This is perhaps the most famous hunting accident of all time. It has become the punchline for many jokes and the subject of satire in many comedy sketches. The incident was remarkable because it involved one of the most high-profile politicians in the United States, but it was not necessarily a rare occurrence.
Characteristics of Hunting Accidents in Texas
Every year in Texas, there are at least 20 hunting accidents, 10 percent of which are fatal. There are some common, and occasionally surprising, characteristics of hunting accidents that serve as a helpful lesson to all hunters. According to the Texas Parks and Wildlife Department:
- Most of the shooters were not intoxicated at the time of the shooting.
- Most of the shooters had plenty of experience, at least 10 years.
- However, most of the hunters involved had no hunting safety training, and most of the shootings involved a lack in the hunter’s judgment.

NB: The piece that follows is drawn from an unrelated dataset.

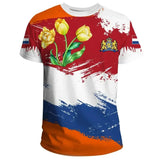 Orange T-shirt featuring a heraldic lion with crossed swords graphic on the front, short sleeves, and a round collar, displayed against a backdrop with a few plants.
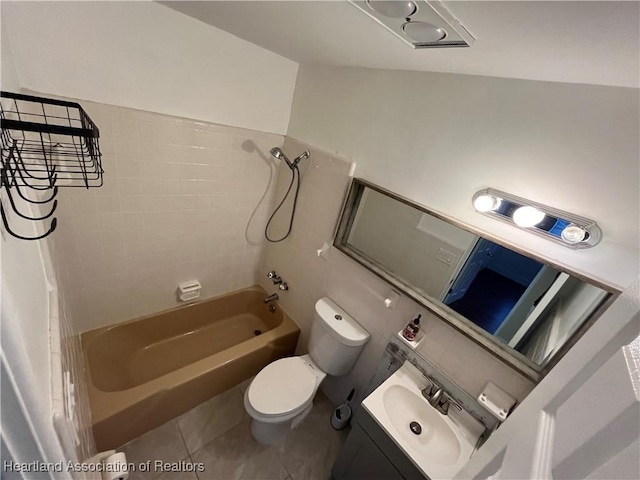 full bathroom with tile patterned floors, toilet, vanity, and tub / shower combination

- Most of the victims were not wearing hunter orange clothing.
- Most of the incidents involved hunters over the age of 40.
- Incidents were also more likely to occur at dusk, when light was lower and hunters were more likely to be fatigued.
Safer – but Not Safe
The number of new hunting licenses has increased greatly over the last 50 years, from 644,653 in 1966 to 1,180,638 in 2015. Yet, the number of hunting accidents has decreased from 81 in 1966 to 20 in 2015. Safety training and awareness has made hunting significantly safer over the past few decades, but that doesn’t mean it is risk free. In addition to shooting accidents, hunters are at risk in many other ways, including deer or tree-stand falls, mishandling of bows and even heart attacks due to strenuous activity on a hunt. Some causes of hunting-related injuries are more easily anticipated than others, but many can be avoided by safety training and communication with those around you.
Safe Hunting Tips
- Always assume that your weapon is loaded and keep it pointed in a safe direction.
- Be sure of your target before pulling the trigger.
- Keep your finger off the trigger unless you intend to fire your weapon.
- Practice shooting and handling your gun in the off-season.
- If you plan to go hunting alone, always tell someone your plans.
- Wear the appropriate attire – namely hunting orange gear.
- Make sure all tree stands are as secure and safe as possible.
For many Texans, hunting is a tradition that goes back generations. As we head into some of the most popular hunting seasons in our state, make sure that safety is always a top priority.